WHAT THE TASK ASKS: Each line from the one holding "China 100% Hand" to the last line below must be restated word for word, and no picture may be included.

(SOURCE DATA Opens)

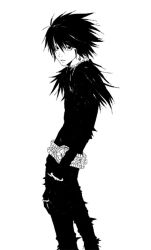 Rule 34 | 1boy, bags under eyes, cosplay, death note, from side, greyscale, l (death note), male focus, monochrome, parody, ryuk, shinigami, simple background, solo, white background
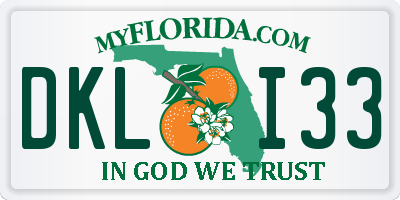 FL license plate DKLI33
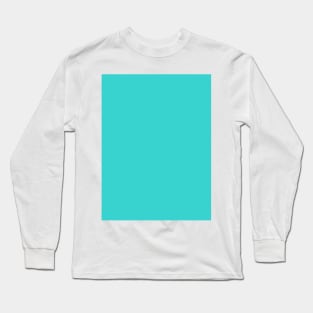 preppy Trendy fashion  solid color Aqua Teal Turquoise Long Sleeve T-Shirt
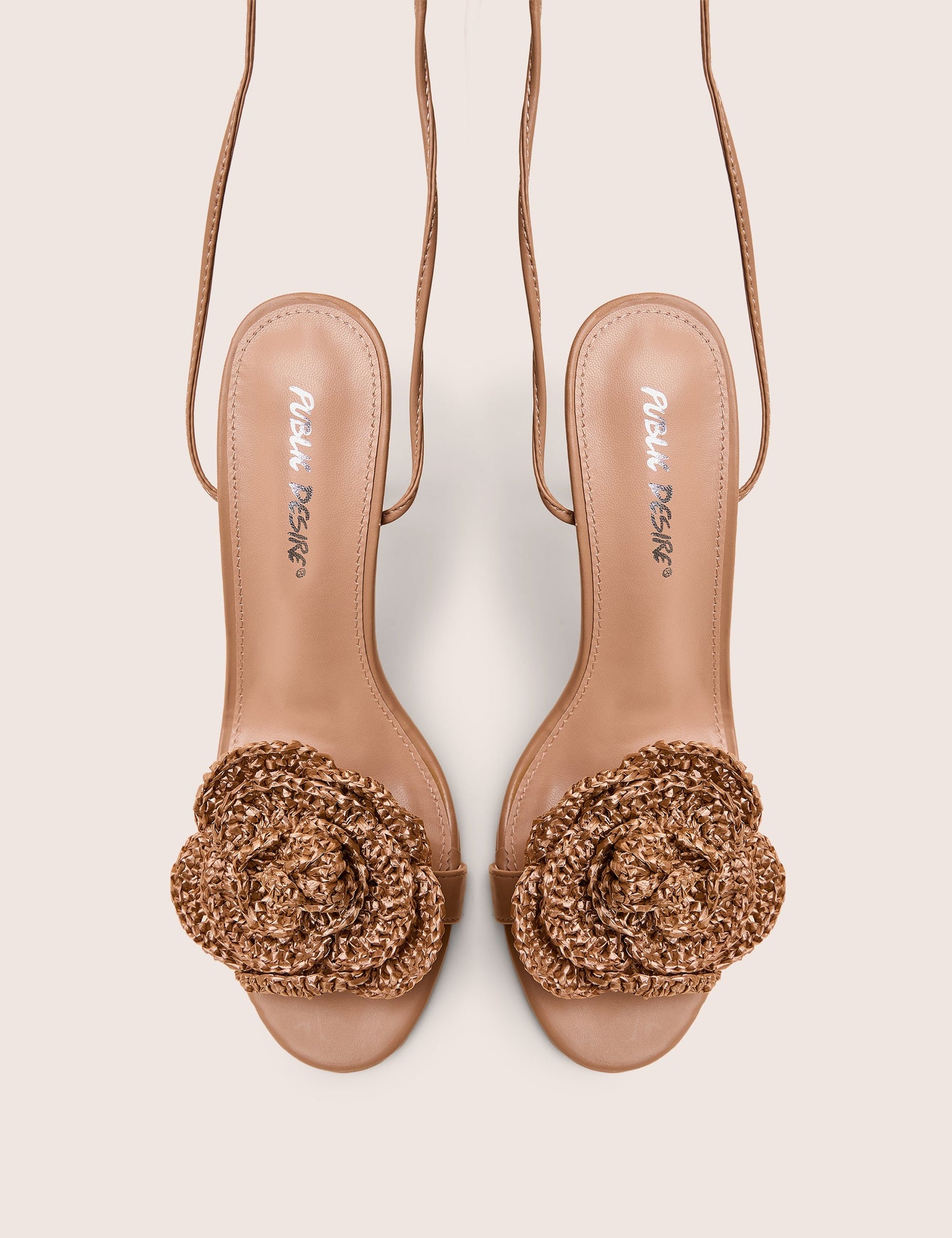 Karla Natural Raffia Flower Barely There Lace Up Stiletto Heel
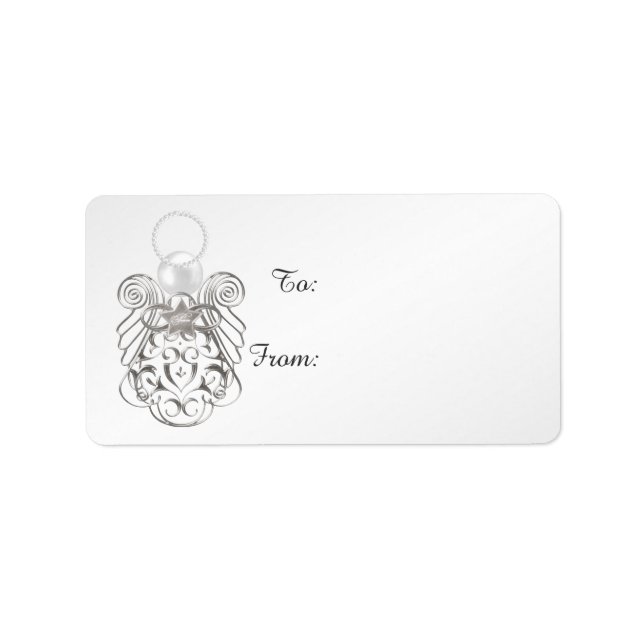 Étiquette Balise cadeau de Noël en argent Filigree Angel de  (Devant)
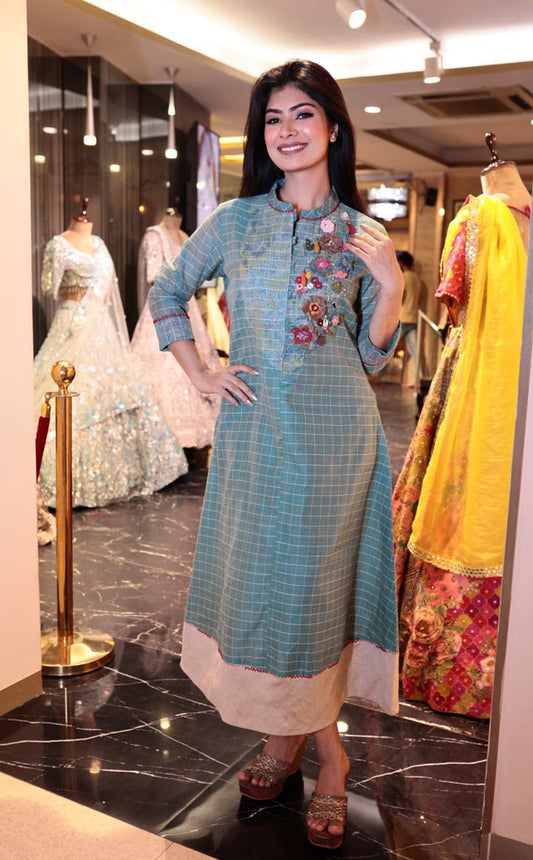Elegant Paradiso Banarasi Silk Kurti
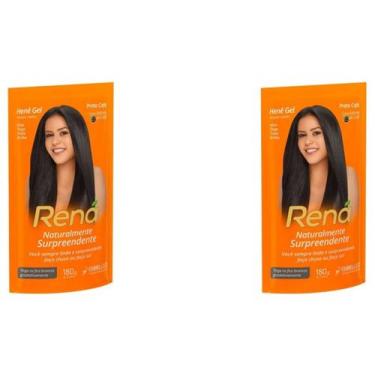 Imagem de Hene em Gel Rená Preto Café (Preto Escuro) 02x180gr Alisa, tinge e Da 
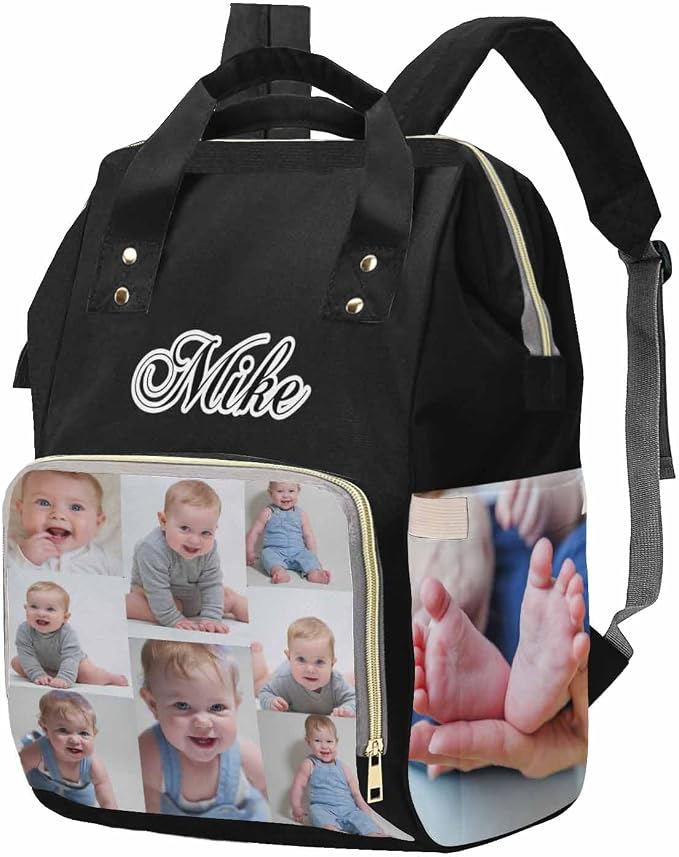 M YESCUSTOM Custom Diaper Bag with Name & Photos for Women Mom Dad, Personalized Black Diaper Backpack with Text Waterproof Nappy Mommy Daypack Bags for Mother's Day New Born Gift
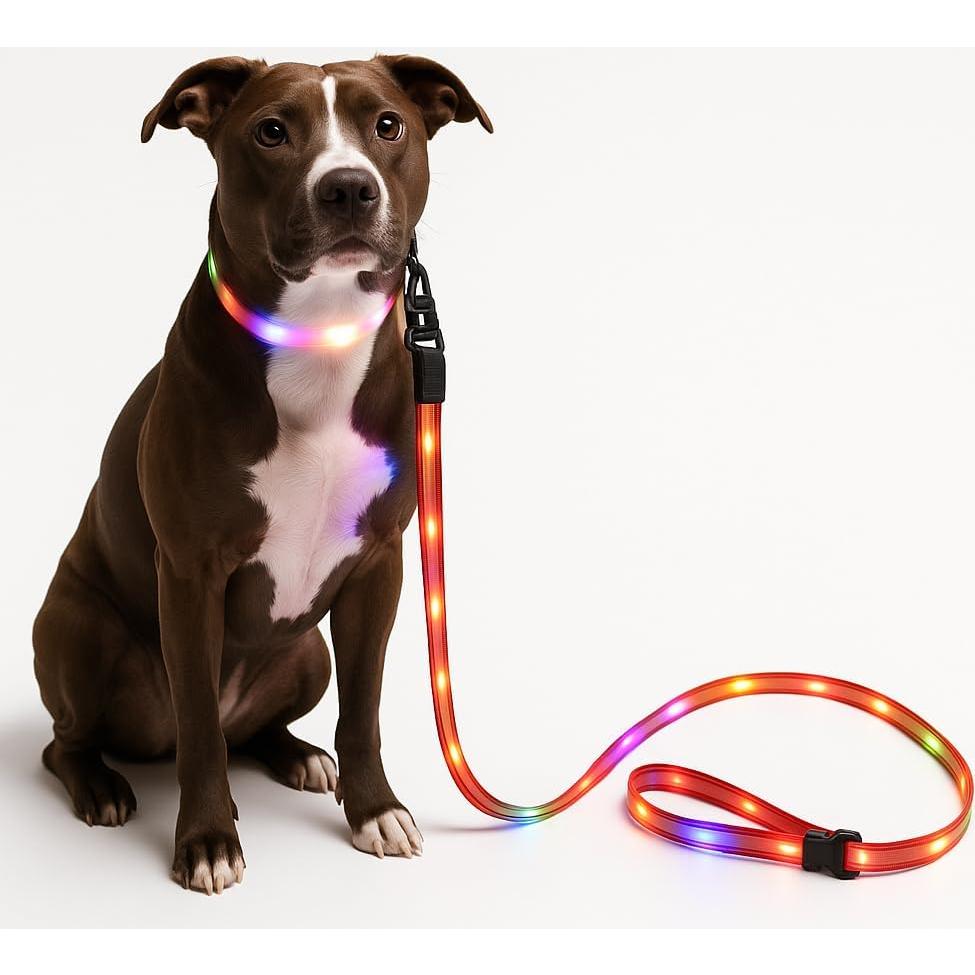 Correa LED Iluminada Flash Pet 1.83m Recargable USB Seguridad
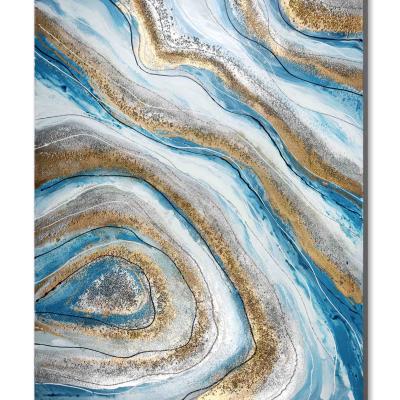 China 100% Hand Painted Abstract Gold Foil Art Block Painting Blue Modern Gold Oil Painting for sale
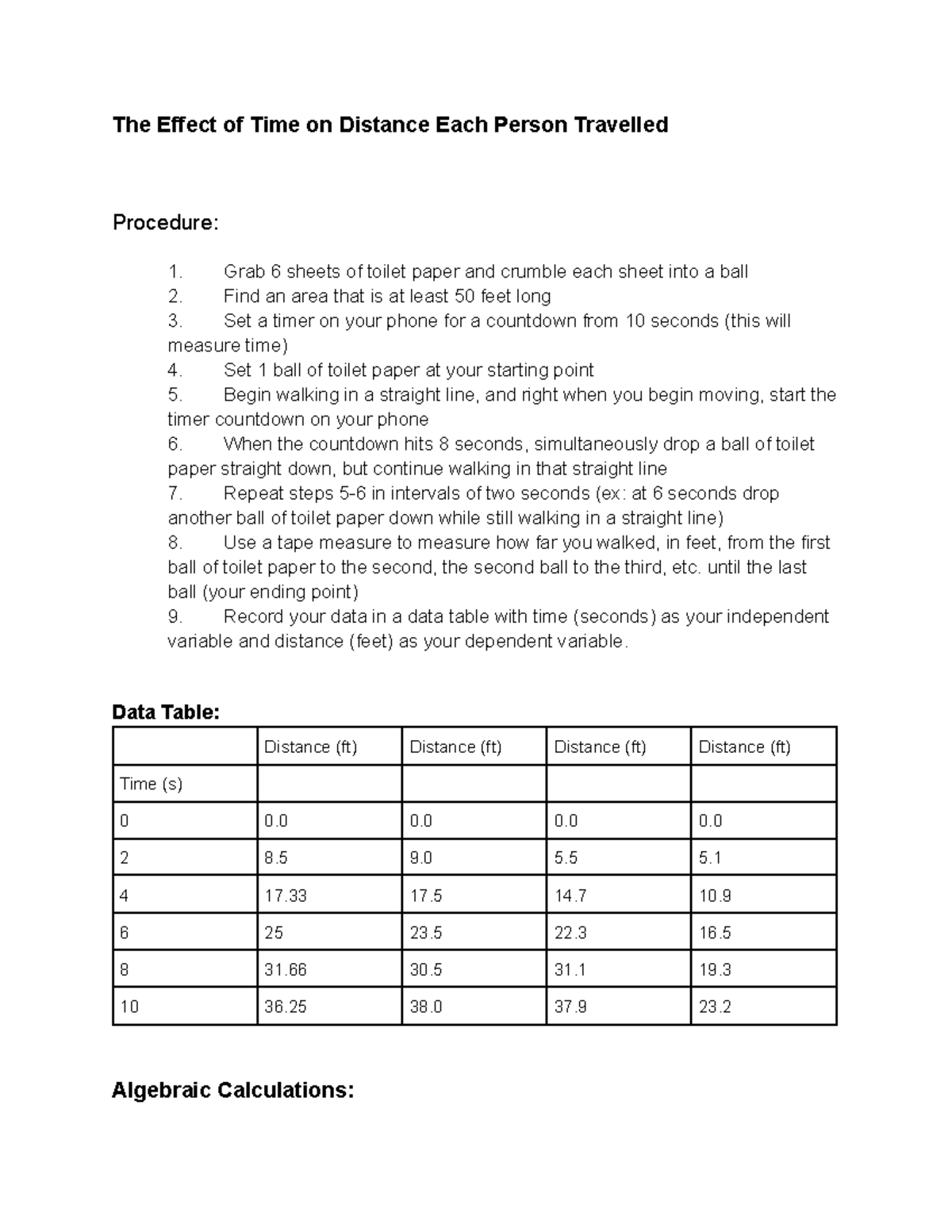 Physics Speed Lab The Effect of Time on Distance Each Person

(SOURCE DATA Closes)

RESPONSE TO THE TASK:
 China 100% Hand Painted Abstract Gold Foil Art Block Painting Blue Modern Gold Oil Painting for sale
 Physics Speed Lab The Effect of Time on Distance Each Person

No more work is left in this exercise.